One can observe a similarity in the logic and tone of online comments by those who deny that the earth is heating up from human activity, and those who deny that it's perfectly legal for a Black teenage boy to walk home from the store in a gated neighborhood. This may coincide with the widespread paranoia on the Libertarian-leaning right over proposals to curb climate change -- fears that such measures will destroy American sovereignty and create a One-World Government run by the U.N. (it would have to be the U.N. on Opposite Day, not the current U.S.-dominated United Nations, but that doesn't seem to have occurred to them). The paranoia can be incomprehensible until one realizes that what may bother them the most is the notion of people of brown, black, and other hues having just as much say in the planet's patterns of consumption as their northern white brethren.

 

But The Island President is a potent antidote to this kind of myopia.
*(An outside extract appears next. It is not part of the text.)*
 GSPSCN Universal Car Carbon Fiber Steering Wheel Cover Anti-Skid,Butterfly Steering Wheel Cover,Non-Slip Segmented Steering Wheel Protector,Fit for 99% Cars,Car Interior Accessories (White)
It gets up close and personal with those who will be deep fried by a hot Earth. The film makes tangible, without getting into technical exposition, the direct impact of a rising sea on the bucolic fishing and tourist-based Maldives. It gives us people to care about, people whose island homes we can see being washed away bit by bit throughout the movie -- and this creates an inherent "ticking clock' far more suspenseful than any Hollywood plot contrivance.

 

The film also gives these islanders a defender who speaks up for them -- a Muslim who was educated in Britain and whose government was trying to achieve a moderate Islamic society before the coup gave power to a fundamentalist faction; a visionary who comes from that rare thing, a Muslim country without a history of direct Western imperialist subjugation. (That is, if you put aside the Obama Administration's siding with the coup plotters. Fortunately, Europe broke with the imperialist paradigm, and refused to recognize Nasheed's replacement as the Maldives president.) If only one could find a way to get anti-green right-wingers to watch this movie, not least of which for the scene in which Nasheed tries to talk the Indian emissary into agreeing to carbon emission cuts: both of them aver, remarkably calmly considering what's at stake, that the Americans really don't get that this is about the end of the world.


 


Shenk's documentary unspools in a traditional way and makes no radical pronouncements, but its content is so strong and its linking of basic democratic struggles with environmental concerns so striking that it becomes a powerful argument to get out into the streets to save the planet; to get vocal and creative. A high point of the movie is the wonderful agit-prop that Nasheed's government pulled off to draw the world's attention to the Maldives' precarious position: the brilliant photo op of an underwater cabinet meeting held in Oct. 2009 by his actual ministers seated at real tables on the floor of a lagoon 5m below the surface.  This cabinet, the world's first to be held underwater, instantly conveyed the message of what could happen to the Maldives -- and during the meeting they passed around and signed a waterproofed document to restrict carbon emissions. The scuba-diving stunt illustrates the kind of outside-the-box boldness a leader can deliver if his heart is with activism and street theater. (At an L.A. screening , editor Pedro Kos confided that the filmmakers had no behind-the-scenes footage of how this event was planned and staged, only the newsreel footage he included in the film. This is perhaps the film's one lamentable oversight.)

 

It is of course no wonder that Nasheed's speech at a climate defenders' rally in Copenhagen, captured in the film, was thunderously well-received. His diplomatic work was of apiece with his trial-by-fire civil disobedience a few years prior. And so he joins a chain of people throwing their bodies upon the gears of the machine on behalf of the planet, in instances of direct action like: the March blockade of a convoy of Keystone XL pipeline trucks by 75 members of the Lakota tribe; the arrests a few months ago of 1200+ in D.C. protesting the pipeline; the intervention at coal mining sites by adventurous young tree-sitters and their peers; and the international street protests waged at U.N. climate change conferences in the face of militaristic police onslaughts. 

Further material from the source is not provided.